If implantation does not occur, humans shed this lining each menstrual cycle. Two-thirds of it is simply reabsorbed back into the body, and the remaining one-third is shed via menstruation.
However if implantation occurs, the uterus lining (now termed decidua) evolves further during the pregnancy, and is only shed at the birth.The uterus lining (now called “decidua”) forms the maternal part of the placenta. It is formed under the influence of progesterone and forms highly characteristic cells.
Different layers of the deciduas have been described: Compact outer layer (stratum compactum) Intermediate layer (stratum spongiosum) Boundary layer adjacent to the myometrium (stratum basalis).
As the maternal interface to the embryo the decidua participates in the exchanges of nutrition, gas, and waste with the gestation. It also protects the pregnancy from the maternal immune system. Further, the decidua has to allow a very controlled invasion of the trophoblast.
The decidua secretes hormones, growth factors, and cytokines. It has receptors for estrogen, progesterone, growth hormone, and others. Among its products are hormones commonly associated with other organs such as cortisol, CRF, GnRH, prolactin, and relaxin. Decidual prolactin is not under dopaminergic control. Pregnancy protein 14 (PP-14), also called placental protein 12, and Insulin-like growth factor-binding protein 1(IGFBP1) appear to be specific products of the secretory and decidual lining.

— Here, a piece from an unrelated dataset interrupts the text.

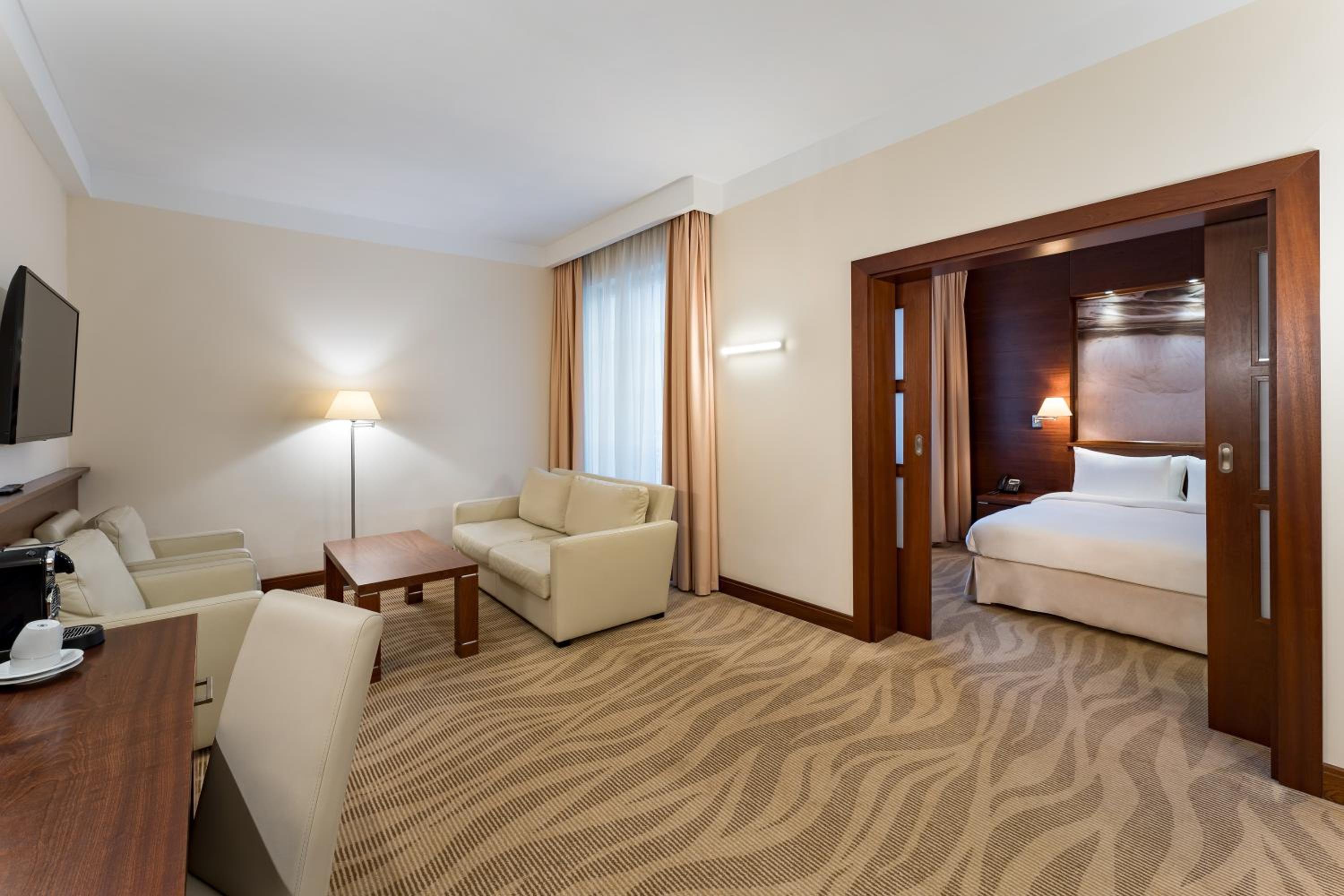 Suite - Photo 4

Decidualization is a characteristic of the endometrium of the pregnant uterus. It is a response of maternal cells to progesterone. Decidualization may be used to describe any change due to progesterone. These changes include the eosinophilic proliferation around arterioles after ovulationor progesterone action on endometrium which increases glandular epithelial secretion, stimulates glycogen accumulation in stromal cell cytoplasm, and promotes stromal vascularity (spiral arterioles) and edema. The sum of all the changes in the endometrium is significant, thus justifying a new term. The process is decidualization, the endometrium is now called decidua and it is ready for the implantation of the embryo.
Part of the Endometrium is used to form the Embyro’s Placenta:
The function of placentation is to transfer nutrients from maternal tissue to a growing embryo. In placental mammals, the placenta forms after the embryo implants into the wall of the uterus. The developing fetus is connected to it via an umbilical cord. During pregnancy, placentation is the formation and growth of the placenta inside the uterus. It occurs after the implantation of the embryo into the uterine wall and involves the remodeling of blood vessels in order to supply the needed amount of blood. In humans, placentation takes place 7–8 days after fertilization.
In humans, the placenta develops in the following manner. Chorionic villi (from the embryo) on the embryonic pole grow, forming chorion frondosum. Villi on the opposite side (abembryonic pole) degenerate and form the chorion laeve (or chorionic laevae), a smooth surface. The endometrium (from the mother) over the chorion frondosum (this part of the endometrium is called the decidua basalis) forms the decidual plate. The decidual plate is tightly attached to the chorion frondosum and goes on to form the actual placenta. Endometrium on the opposite side to the decidua basalis is the decidua parietalis. This fuses with the chorion laevae, thus filling up the uterine cavity.
Basically a part of the embryo and a part of the endometrium merge together and develop into a placenta. The placenta in very firmly attached to the uterus wall (and it is attached to both fetal and maternal blood vessels). To cope with the placenta’s strong/invasive attachment to the uterus wall, humans have to build up a thick uterus lining each menstrual cycle (which is why humans menstruate overtly). However the benefit of the placenta sharing maternal blood vessels is that it is more easy for the mother to transmit nutrients (e.g. from her own diet) to her baby.